Delving into Dalvik: A Look Into DEX Files

Mandiant examined a Nexus banking trojan Android sample and found widespread string obfuscation implemented via XOR and buried in methods full of dead code, which complicated static analysis. The authors describe DEX internals and release dexmod, a Python tool that adds decoded strings, patches method bytecode and updates DEX metadata so obfuscated methods return plaintext strings for easier reverse engineering. #Nexus #dexmod

Keypoints

Analysis of a Nexus banking trojan sample (MD5 d87e04db4f4a36df263ecbfe8a8605bd) revealed repeated string obfuscation implemented by XORing byte arrays and excessive dead code in decoding methods.
The obfuscated methods decode strings at runtime and are often invoked indirectly, complicating manual deobfuscation and static analysis with tools like jadx.
DEX file structure (header, string table, type_ids, class_defs, class_data, code_items) and bytecode encoding (registers_size, insns_size in 16-bit units) determine how to safely patch methods.
Patching requires adding decoded strings to the DEX string table, updating indices/offsets, replacing obfuscated bytecode with a const-string + return-object sequence, and adjusting method prefaces.
After bytecode edits, the DEX checksum and SHA-1 in the header must be recalculated to avoid integrity failures when re-inspecting with decompilers.
The authors provide dexmod (uses dexterity) with scripts for searching methods, adding strings, and applying the case-study patch logic to automate safe DEX modifications.

MITRE Techniques

[T1027.002] Software Packing – The main activity “is not present in the application initially as it is later unpacked” (‘main activity in AndroidManifest.xml is not present in the application initially as it is later unpacked’).
[T1027] Obfuscated Files or Information – The sample uses a repeated “string obfuscation mechanism” and inserts dead code to confuse analysis (‘the repeated use of a string obfuscation mechanism throughout the application code’).
[T1140] Deobfuscate/Decode Files or Information – The decoding routine XORs an encoded byte array with a key to produce strings, which must be decoded and added back into the DEX for patching (‘This is done by XORing a byte array (the encoded string) with another byte array (the XOR key)’)

Indicators of Compromise

[File hash] Sample MD5 – d87e04db4f4a36df263ecbfe8a8605bd
[Class name] Malicious Application subclass – com.toss.soda.RWzFxGbGeHaKi
[Method names] Obfuscated/deobfuscation methods – bleakperfect, melodynight, justclinic
[Source URL] Original analysis post – https://cloud.google.com/blog/topics/threat-intelligence/dalvik-look-into-dex-files/

To patch the Nexus sample, first identify the obfuscated methods that perform XOR-based decoding and contain dead-code sequences. Decode each string by reproducing the XOR logic, then add the resulting plaintexts into the DEX string table so they have corresponding string_data_item and string_id_item entries; this step necessarily changes section sizes, indices, and offsets so it must be done while maintaining consistent references across type_ids, string_ids, and class/method structures.

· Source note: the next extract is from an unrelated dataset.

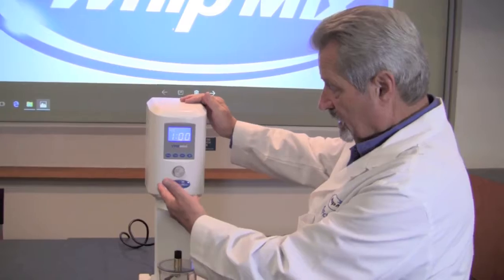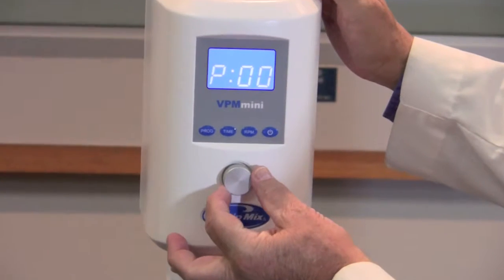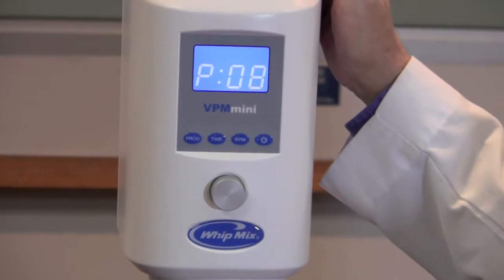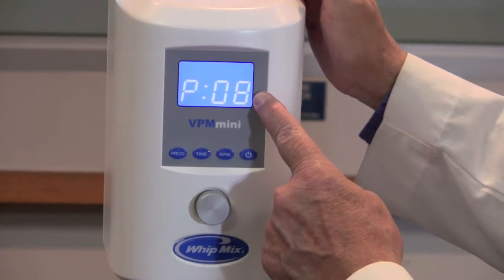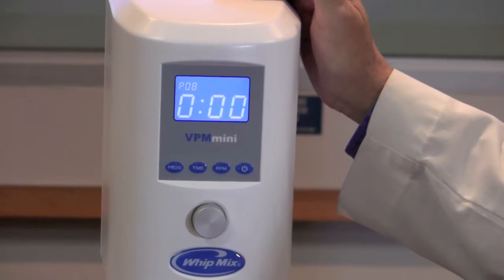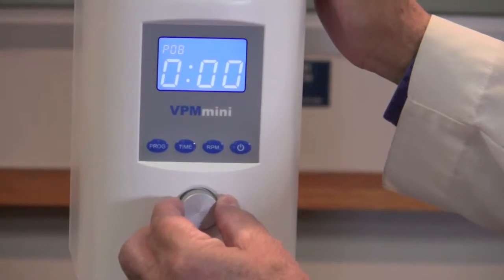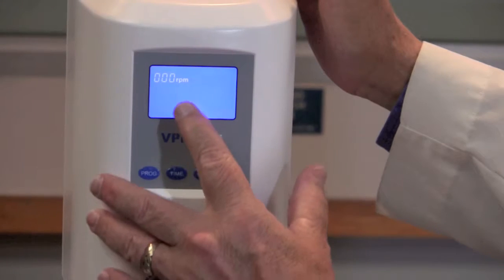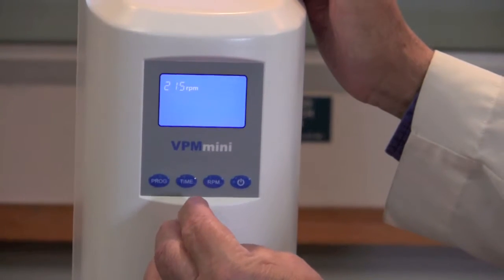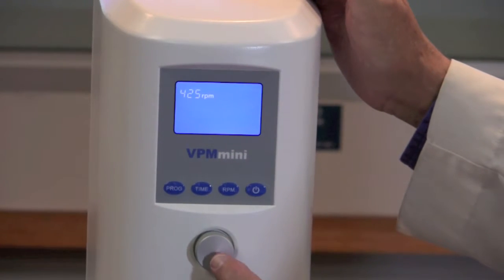Now we're going to program the machine. Go over to the left-hand side and select the program button, then use the silver knob in the middle and turn it either left or right to select a program that you would like to program information into. Once you've selected the program number, simply press the silver button. Now you've selected the program and it's going to ask you what RPM you would like. Go ahead and press the RPM button. You'll see the RPM notation in the top left — turn the silver knob until you reach the correct RPM for your particular product, then press the silver button.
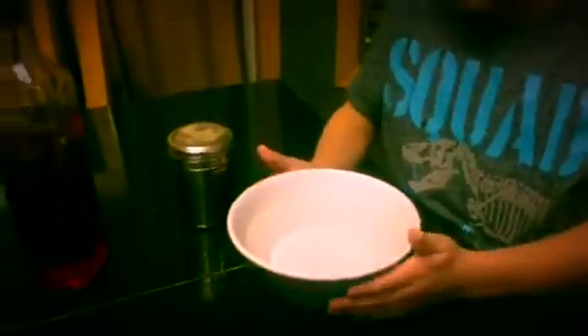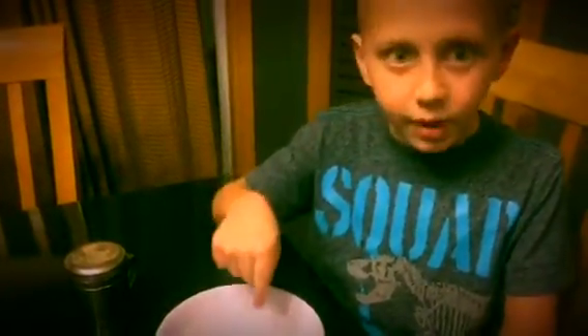Hey guys, the next experiment — we need pepper, a bowl of water, and soap. So what are you going to do? I think when I put the soap on my finger and put it in the pepper, I think the pepper is going to go away. Why? Because of surface tension! Yeah, okay — pepper it up!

Next, overwrite the start of each obfuscated method’s bytecode with a compact Dalvik sequence that returns the new string: const-string v0, [string_id] followed by return-object v0 (three 16-bit instructions, 6 bytes). Update the method’s code_item preface: set registers_size to 1 (only v0 used) and insns_size to 3 (three 16-bit instruction units), leaving other preface fields unchanged if unaffected. Optionally pad remaining original bytes with 0x00 (NOP) for cleanliness.

Finally, recalculate and update the DEX header checksum and SHA-1 signature to reflect the modified content. The authors automated these tasks in dexmod (a Python tool using the dexterity library) with modules for method discovery, string insertion, and custom bytecode edits; after applying the patches and header fixes, re-inspect the DEX with JADX to confirm obfuscated methods now return decoded strings and simplify further analysis.